# 312Bh Extra Fridge Power



## Jewellfamily (Sep 25, 2010)

I recently purchased a 312BH with the outdoor kitchen and extra fridge. The fridge only runs on 110V. There is no 12V auxilliary power point in the kitchen area like there is inside by the TV to run a converter. There is 12V power in the kitchen at the 2 lights though. Has anyone wired in an extra 12V plug to be able to use a 12v - 110v converter to power the fridge while traveling so that the fridge could run off of the vehicle charge while driving?


----------



## hautevue (Mar 8, 2009)

Before tapping the light circuit to attach a 12v plug, check out the power requirements for the reefer. If the reefer uses, say, 10 amps of 120v power, that's 1200 watts, and you'll need a helluva converter to make that from 12v dc.

Dc to ac converters are not cheap, and a 1200 watt converter is significant, AND you'll probably have to attach it to the dc power source at the batteries. 1200 watts of dc is 100 amps, and the needed power supply wire can be really thick!









Tapping the light circuit is easy, but most lighting circuits are fused at about 15 amps. 15 amps of 12 volts dc is 180 watts. You probably need more power for a reefer, but check it out first.

Let us know what you find!


----------



## ftwildernessguy (Oct 12, 2009)

What size is the fridge? I'm pretty sure it's a good sized fridge. Any of the 3 ways fridges I have seen that will run off 12v are pretty small.


----------



## duggy (Mar 17, 2010)

Why not just run it on propane? On reading your post again, I see it only runs on 110V. I would have thought the fridge would run on propane as well. I guess that means you can't use it dry camping?


----------



## Chuggs (Jun 8, 2010)

For the tailgating fridge...I'd just put frozen milk jugs in there to get you where you're going...then plug in. Hopefully, you'll consume enough goodies to fit your left overs in the dometic fridge inside for the trip home.

You might put a shelf on the rear with a box to hold a small generator and run that when underway.


----------



## joeymac (Aug 19, 2010)

I have a 312BH as well. What we have found is that we fire up the small fridge in the outdoor kitchen about 30 hours before we plan on leaving. We then fill the fridge with Miller Lite. Then drive to our destination. When we get there the Miller Lites are plenty cold. I then drink a few while setting up the camper.

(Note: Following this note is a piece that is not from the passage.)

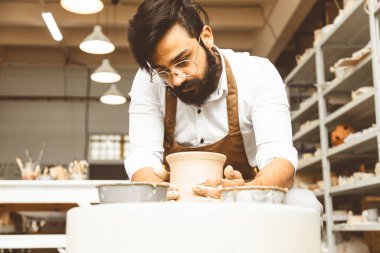 Genç bir erkek çömlekçi atölyesinde çömlekçi çarkında el işi yapıyor ve kilden bir ürün yapıyor.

We hardly ever place food in the outdoor fridge and therefore use the 3 way fridge inside the camper for food storage while traveling to our destination. You could also purchase those reusable plastic freezer blocks and place those inside the freezer part of the outdoor fridge to keep the contents cold as well. Less work and expense. Good luck with whatever you deceide.


----------



## Up State NY Camper (Apr 7, 2010)

joeymac said:


> I have a 312BH as well. What we have found is that we fire up the small fridge in the outdoor kitchen about 30 hours before we plan on leaving. We then fill the fridge with Miller Lite. Then drive to our destination. When we get there the Miller Lites are plenty cold. I then drink a few while setting up the camper.
> 
> 
> 
> ...


X2. We get her nice and cold, load it with beverages only, and they keep pretty cold even on a 4 hour treck. I don't think a converter is necessary. I don't know about you other 312bh owners, but I was having a problem with all of the drinks settling inside the fridge, and the door popping open inside the kitchen. My wife open the door while I save all of the beer from falling on the ground. Our last few trips, I strapped the door shut and put a towel inside the fridge to hold the beer in place. Works like a charm. I'm sure being in the back of the trailer, the fridge experiences quite a bit of bouncing. Also does anyone else notice that it runs constantly, especially on warm days. I don't know if I need to get it checked out or not.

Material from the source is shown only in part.